Objective: The serum concentration of amino-terminal procollagen type III (PIIIP) is considered a useful marker of tissue fibrogenesis. The present study tested the hypothesis that: 1) serum PIIIP levels are elevated in patients with congenital heart disease (CHD) and abnormal hemodynamic loading and/or hypoxemia, 2) PIIIP levels are associated with severity of hemodynamic load or hypoxemia, both of which enhance myocardial fibrosis.
Methods and results: Serum PIIIP levels were measured in 5 groups of CHD patients [42 patients with ventricular septal defect (VSD), 26 with coarctation of the aorta (COA, n=19) or aortic stenosis (AS, n=7), 36 with atrial septal defect (ASD), 39 with pulmonary stenosis (PS) and 20 with tetralogy of Fallot (TOF)]. PIIIP levels of CHD patients were significantly higher than those of 42 control subjects (p<0.05, each). Serum PIIIP levels increased in parallel with increased ventricular volume load in VSD and ASD, and with severity of PS. In TOF patients, PIIIP levels correlated negatively with arterial oxygen saturation. Treatment with angiotensin converting enzyme inhibitor (ACEI) was associated with low levels of PIIIP in COA/AS patients despite existing hemodynamic load.
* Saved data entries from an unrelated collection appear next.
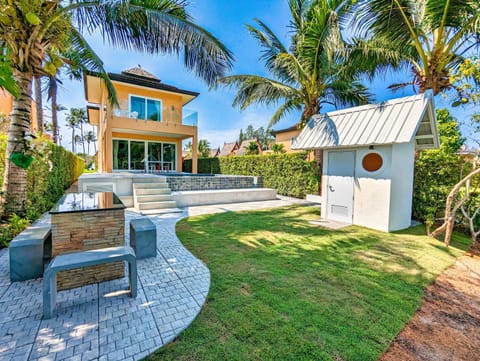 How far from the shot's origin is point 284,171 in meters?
14.8

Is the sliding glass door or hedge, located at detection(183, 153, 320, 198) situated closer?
hedge, located at detection(183, 153, 320, 198)

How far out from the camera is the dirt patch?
95.0 inches

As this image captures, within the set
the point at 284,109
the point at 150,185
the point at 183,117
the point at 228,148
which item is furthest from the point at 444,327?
the point at 228,148

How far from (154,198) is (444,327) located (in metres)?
9.53

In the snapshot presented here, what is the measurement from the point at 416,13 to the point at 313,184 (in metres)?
8.08

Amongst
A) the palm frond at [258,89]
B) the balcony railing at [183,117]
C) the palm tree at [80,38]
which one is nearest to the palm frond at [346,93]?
the palm frond at [258,89]

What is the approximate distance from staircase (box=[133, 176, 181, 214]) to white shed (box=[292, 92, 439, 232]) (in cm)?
626

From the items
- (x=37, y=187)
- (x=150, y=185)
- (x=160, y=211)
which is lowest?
(x=160, y=211)

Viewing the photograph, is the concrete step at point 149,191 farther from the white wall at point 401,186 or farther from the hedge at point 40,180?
the white wall at point 401,186

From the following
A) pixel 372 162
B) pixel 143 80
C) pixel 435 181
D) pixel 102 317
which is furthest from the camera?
pixel 143 80

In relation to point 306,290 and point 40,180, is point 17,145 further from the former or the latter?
point 306,290

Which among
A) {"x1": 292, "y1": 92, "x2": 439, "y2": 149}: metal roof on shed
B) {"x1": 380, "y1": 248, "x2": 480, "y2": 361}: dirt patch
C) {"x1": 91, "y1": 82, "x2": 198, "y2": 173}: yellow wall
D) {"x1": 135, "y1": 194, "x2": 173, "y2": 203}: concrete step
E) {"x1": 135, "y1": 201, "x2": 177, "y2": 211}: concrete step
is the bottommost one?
{"x1": 380, "y1": 248, "x2": 480, "y2": 361}: dirt patch

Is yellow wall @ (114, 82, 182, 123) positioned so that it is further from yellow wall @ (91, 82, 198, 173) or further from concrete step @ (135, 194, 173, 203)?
concrete step @ (135, 194, 173, 203)

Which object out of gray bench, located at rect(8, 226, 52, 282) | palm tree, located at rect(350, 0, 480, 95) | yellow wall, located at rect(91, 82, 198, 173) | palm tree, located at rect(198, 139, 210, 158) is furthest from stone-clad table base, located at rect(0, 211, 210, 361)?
palm tree, located at rect(198, 139, 210, 158) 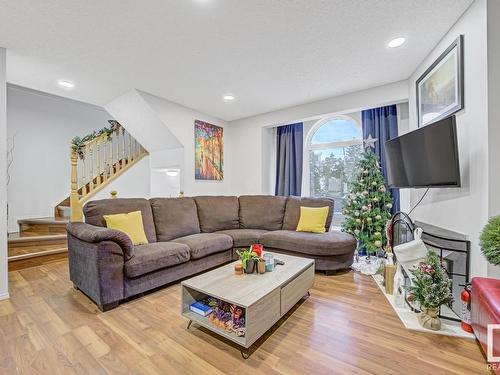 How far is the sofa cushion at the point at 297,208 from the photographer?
3698 millimetres

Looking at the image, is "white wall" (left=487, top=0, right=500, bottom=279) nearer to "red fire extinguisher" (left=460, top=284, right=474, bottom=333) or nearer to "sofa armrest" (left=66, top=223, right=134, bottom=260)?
"red fire extinguisher" (left=460, top=284, right=474, bottom=333)

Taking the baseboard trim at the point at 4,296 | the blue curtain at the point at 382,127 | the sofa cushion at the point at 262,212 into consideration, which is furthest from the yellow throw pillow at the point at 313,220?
the baseboard trim at the point at 4,296

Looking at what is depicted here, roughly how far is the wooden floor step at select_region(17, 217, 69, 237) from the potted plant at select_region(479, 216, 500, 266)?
5211 millimetres

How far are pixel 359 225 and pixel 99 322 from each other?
3.23 meters

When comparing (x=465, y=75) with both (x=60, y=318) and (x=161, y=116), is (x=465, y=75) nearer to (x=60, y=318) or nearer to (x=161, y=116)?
(x=161, y=116)

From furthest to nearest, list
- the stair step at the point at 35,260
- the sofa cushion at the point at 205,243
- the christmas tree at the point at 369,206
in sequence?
the christmas tree at the point at 369,206, the stair step at the point at 35,260, the sofa cushion at the point at 205,243

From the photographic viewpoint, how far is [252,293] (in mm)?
1703

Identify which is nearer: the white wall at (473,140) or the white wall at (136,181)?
the white wall at (473,140)

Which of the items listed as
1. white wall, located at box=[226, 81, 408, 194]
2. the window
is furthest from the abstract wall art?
the window

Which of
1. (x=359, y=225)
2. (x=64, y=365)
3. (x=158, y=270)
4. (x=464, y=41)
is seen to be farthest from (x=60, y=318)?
(x=464, y=41)

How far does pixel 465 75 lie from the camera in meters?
2.00

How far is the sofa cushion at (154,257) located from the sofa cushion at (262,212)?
1.51 m

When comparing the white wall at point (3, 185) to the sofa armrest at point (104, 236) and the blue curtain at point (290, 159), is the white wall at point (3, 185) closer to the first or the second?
the sofa armrest at point (104, 236)

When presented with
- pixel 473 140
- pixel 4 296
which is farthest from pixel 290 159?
pixel 4 296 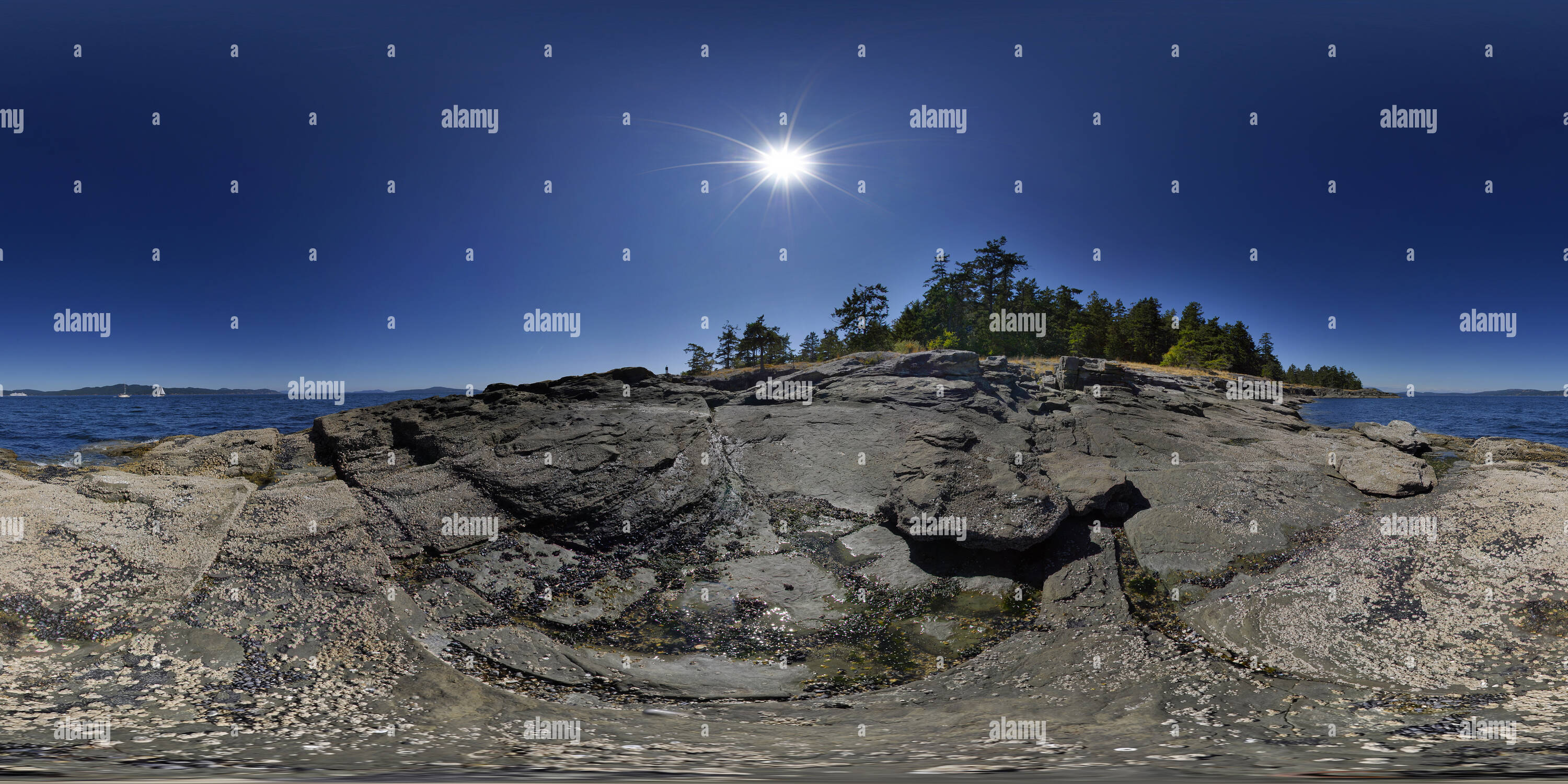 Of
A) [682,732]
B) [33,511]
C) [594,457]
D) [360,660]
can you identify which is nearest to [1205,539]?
[682,732]

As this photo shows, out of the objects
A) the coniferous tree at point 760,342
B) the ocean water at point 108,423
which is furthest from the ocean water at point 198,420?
the coniferous tree at point 760,342

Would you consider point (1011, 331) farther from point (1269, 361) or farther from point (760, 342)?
point (1269, 361)

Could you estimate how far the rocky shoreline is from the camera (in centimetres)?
507

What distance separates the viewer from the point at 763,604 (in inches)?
353

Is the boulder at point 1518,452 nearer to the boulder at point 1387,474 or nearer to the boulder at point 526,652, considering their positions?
the boulder at point 1387,474

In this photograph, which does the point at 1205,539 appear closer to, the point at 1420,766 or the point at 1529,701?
the point at 1529,701

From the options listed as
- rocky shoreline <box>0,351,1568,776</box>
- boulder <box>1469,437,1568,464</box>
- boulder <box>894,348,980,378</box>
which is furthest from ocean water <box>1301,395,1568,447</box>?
rocky shoreline <box>0,351,1568,776</box>

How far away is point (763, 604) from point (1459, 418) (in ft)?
285

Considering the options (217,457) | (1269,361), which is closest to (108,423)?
(217,457)

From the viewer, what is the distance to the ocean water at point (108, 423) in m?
18.6

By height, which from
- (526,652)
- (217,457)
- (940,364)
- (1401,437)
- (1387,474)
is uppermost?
(940,364)

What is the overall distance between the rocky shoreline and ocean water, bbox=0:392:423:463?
8.42 meters

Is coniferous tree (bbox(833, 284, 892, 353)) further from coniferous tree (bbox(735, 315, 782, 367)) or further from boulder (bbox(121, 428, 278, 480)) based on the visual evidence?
boulder (bbox(121, 428, 278, 480))

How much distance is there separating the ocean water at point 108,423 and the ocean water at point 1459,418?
47905mm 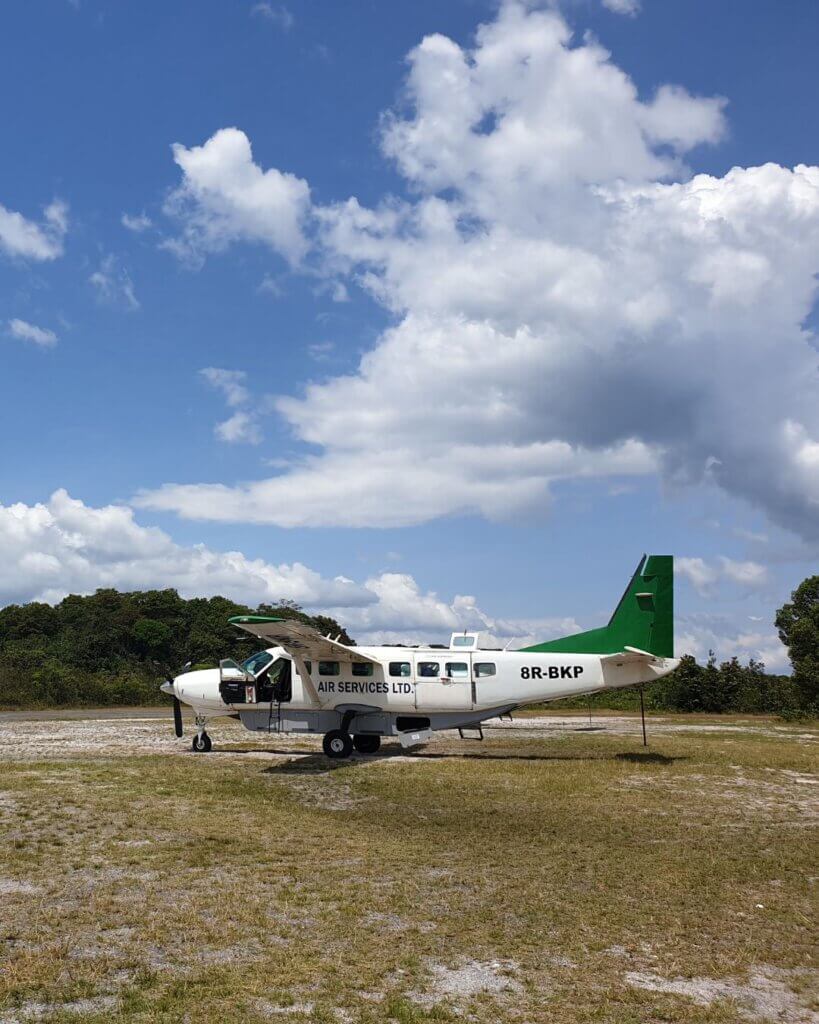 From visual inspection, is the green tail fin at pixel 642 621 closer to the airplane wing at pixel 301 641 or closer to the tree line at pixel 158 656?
the airplane wing at pixel 301 641

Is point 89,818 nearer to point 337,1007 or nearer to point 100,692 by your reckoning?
point 337,1007

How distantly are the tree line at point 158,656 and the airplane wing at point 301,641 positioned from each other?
554 cm

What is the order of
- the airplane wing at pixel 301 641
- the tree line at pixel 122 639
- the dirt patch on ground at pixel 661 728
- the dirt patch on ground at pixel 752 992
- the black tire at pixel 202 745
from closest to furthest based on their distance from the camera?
the dirt patch on ground at pixel 752 992 → the airplane wing at pixel 301 641 → the black tire at pixel 202 745 → the dirt patch on ground at pixel 661 728 → the tree line at pixel 122 639

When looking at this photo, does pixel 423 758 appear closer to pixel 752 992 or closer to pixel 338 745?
pixel 338 745

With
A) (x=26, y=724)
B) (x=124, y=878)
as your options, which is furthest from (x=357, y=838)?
(x=26, y=724)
Conclusion: The increased serum PIIIP levels in proportion with the severity of ventricular load or cyanosis suggest enhanced myocardial synthesis of collagen type III in patients with CHD. Suppression of PIIIP level by ACEI suggests the involvement of the renin-angiotensin-aldosterone system in myocardial fibrosis. These data provide the basis for the development of new diagnostic and therapeutic strategies in patients with CHD.